Here are the results of these:

-am:
korpilot-am.jpg
korpilot-am.jpg (414.47 KiB) Viewed 4186 times
-ax:
korpilot-ax.jpg
korpilot-ax.jpg (414.02 KiB) Viewed 4186 times
-aX:
korpilot-acapsx.jpg
korpilot-acapsx.jpg (414.03 KiB) Viewed 4186 times
There's no discernable difference between the output of -ax and -aX.

All of these produced great results, and it's difficult to tell the difference after converting to sRGB. Even in a larger space like ProPhotoRGB, the differences are very minor, mainly that:
  • The colour tone of Madoka's pink shirt is slightly different (in -am it's a little deeper, whereas it's a little bit brighter in -ax/-aX). In -am it's about 247/184/207, whereas in -ax it's 255, 195, 222. This indicates that that colour region is being clipped in -ax.
  • The purple-red background is darker in -qm, where it's about 197/88/102, than in -ax, where it's 206/84/105.
  • The whites and lighter tone of the obi are brigher in -am than in -ax.
  • The darker skin tones are darker in -ax than in -am.
(All colour values given are after converting to ProPhotoRGB.)

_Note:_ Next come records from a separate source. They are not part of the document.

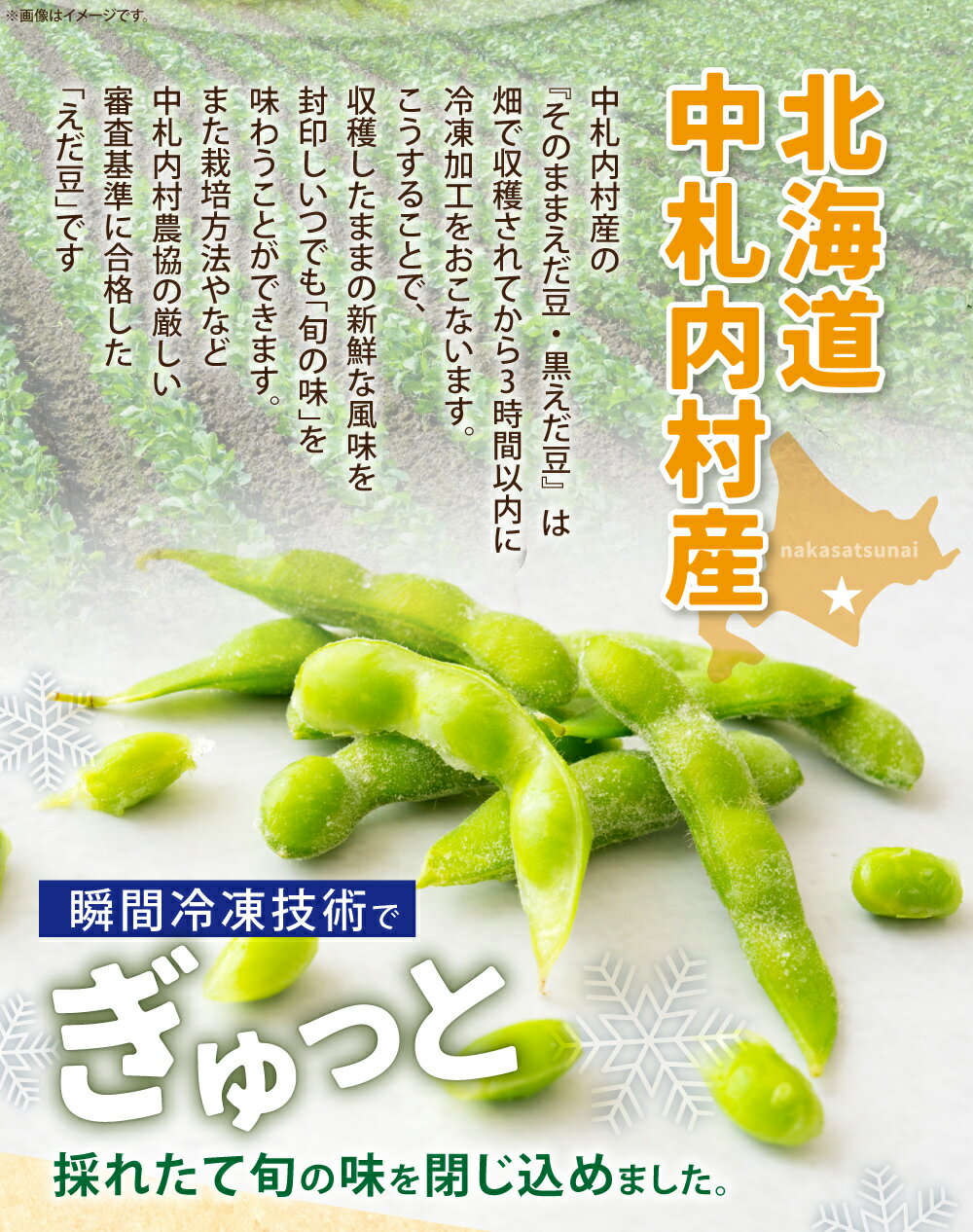 【ふるさと納税】【選べる容量・定期便回数】そのまま枝豆 そのまま黒えだ豆 2種 1回あたり各約300g×3袋／各約300g×6袋 定期便 3回 6回 12回 計約5.4kg～計約43.2kg 枝豆 黒えだ豆 えだまめ 国産 冷凍 北海道 中札内村 送料無料 [018-0056] - 画像3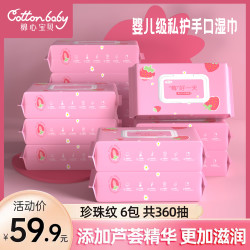 A品牌 婴儿级草莓护理清洁湿巾6包合计360抽+加柔+水润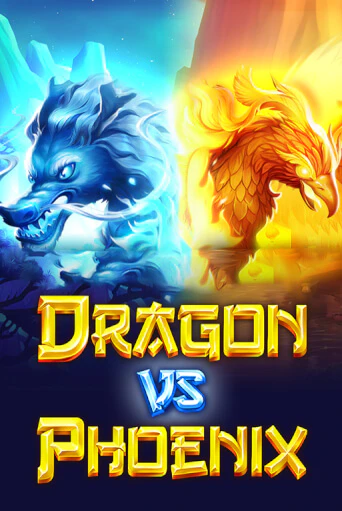 Dragon vs Phoenix играть демо | Слотозал без регистрации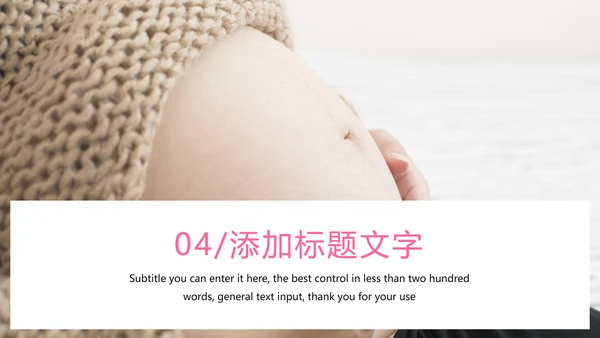 粉红唯美孕妇养生护理母婴护理PPT模板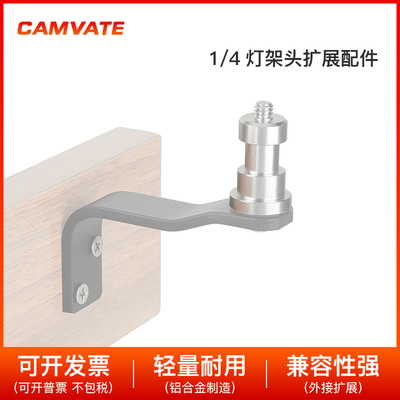 CAMVATE  两个1/4公转M6螺丝灯架头扩展配件 2978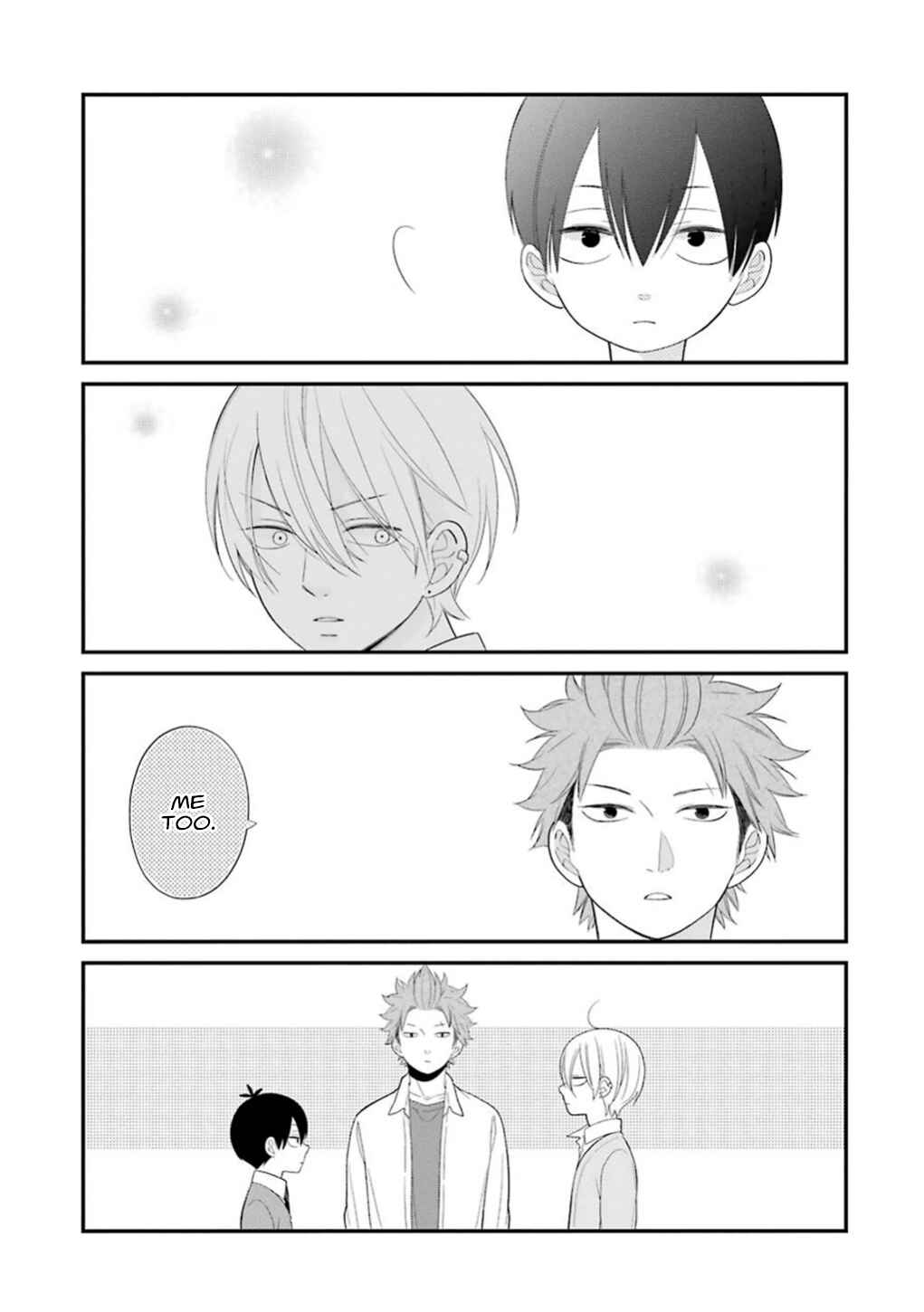 Page 17 Chapter 17 Kuzumi-kun, Cant You Read the Room?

Overall the colours in -qm appear to be more accurate to the real LD when I hold it in front of me. However, there's serious clipping in all of them - perhaps ProPhotoRGB simply isn't able to represent all of these colours? The original image, before converting, has no clipping beyond some light reflections on the very left edge of the obi.

Re: Automatic colour calibration using Argyll CMS

Posted: 23 May 2013, 16:21
by Misty
Ugh, one would have hoped that I would have remembered by this point in my life about different rendering intents when converting colour spaces, no? Absolute colorimetric intent, in this circumstance, prevents most clipping when converting to ProPhoto RGB, and results in a remarkably accurate colour reproduction. I could, I presume, improve on the clipping further by selecting a wider-gamut profile - most likely ProPhoto RGB can't cover everything that the camera is capturing even with absolute colorimetric.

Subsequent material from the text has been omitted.